Fireworks, glamour and cricket

Sandeep Dwivedi Posted: Apr 21, 2008 at 0100 hrs
Mumbai, April 20 Mumbai Indians tried ‘multiplicity’ to compensate for the absence of injured Sachin Tendulkar in their opening IPL game. Truck loads of team T-shirts with ‘Tendulkar and 10’ printed were sprinkled all over Wankhede. Almost everybody in the home team’s VIP box, ball boys, security personal and even those hopeful hangers-on around the venue wore cricket’s most famous signage.

“Will the real Tendulkar stand up?” was the question one wanted to ask after sighting several fakes from the gate to the seat. The confusion for the scores that poured in early for the game was compounded as they encountered misleading direction indicators after surviving the trauma of the Marine Drive traffic jam. Directionless policemen or far-too-unfriendly private security personnel too didn’t help the cause. But once inside, there was enough to let one forget the ordeal outside.

First the Shiamak Davar troupe cheerleaders got the stands tapping, and when the just-to-be released Bollywood film Tashan starcast of Anil Kapoor, Kareena Kapoor and Saif Ali Khan, with son in tow, took the field, the crowd was on its feet. The fireworks in the background just added more glitz to the show, though the debris that found its way to the field delayed the start of the game by seven minutes.

Anil Kapoor helped the crowd clear their throats as he triggered Wankhede Stadium’s famous Ganpati Bapa Moria chant. There were no major adjustments to be made by the crowd, who suddenly found themselves a team that had several foreign and local non-Mumbaiites. The ‘India, India’ war cry was still relevant considering they were now supporting Mumbai Indians. And whenever they wanted to pep up an individual batsman, they chanted his name in the tone of the universally popular ‘Sachin, Sachin’ chant.
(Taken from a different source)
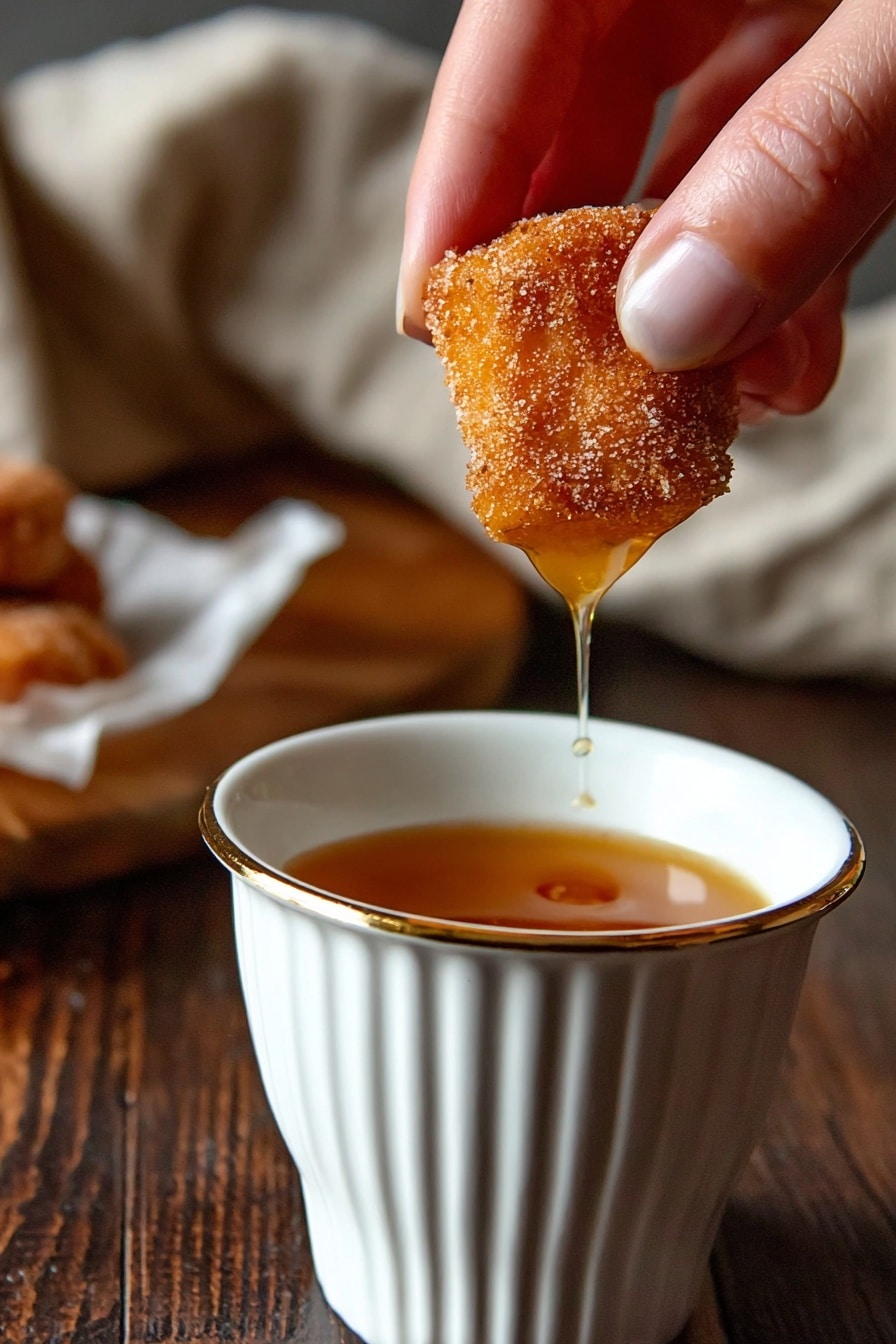 Cinnamon Sugar Churro Bites Recipe 8 The image shows a white bowl with a honeycomb pattern filled with golden brown fried dough balls coated in sugar. The dough balls have a rough texture and some are dripping with sticky caramel sauce. The bowl is placed on a dark wooden surface, with some sugar granules scattered around. In the background, there is a tall glass of latte on a white marbled surface, and a blurred brown cloth napkin. photo taken with an iphone --ar 2:3 --v 7 - Cinnamon Sugar Churro Bites, churro bites, easy churro recipe, bite-sized churros, cinnamon sugar snacks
There was a bit of a dilemma in the crowd when local boy Zaheer Khan, in Bangalore Royal Challengers outfit, took the first wicket. Many jumped out of their seats watching Zaheer get the wicket, but they soon realized that he wasn’t in the right colours.

Sanath Jayasuriya was in the right colours and that meant his five fours and one six brought the Wankhede roof down with cheerleaders going into a frenzy. The man whose big hits usually draw pin-drop silence in India was getting the first feel of a full house crescendo. Regardless of the result, Mumbai received the IPL with open arms and exhausted lungs. Just imagine the scene if the Real Tendulkar had stood up!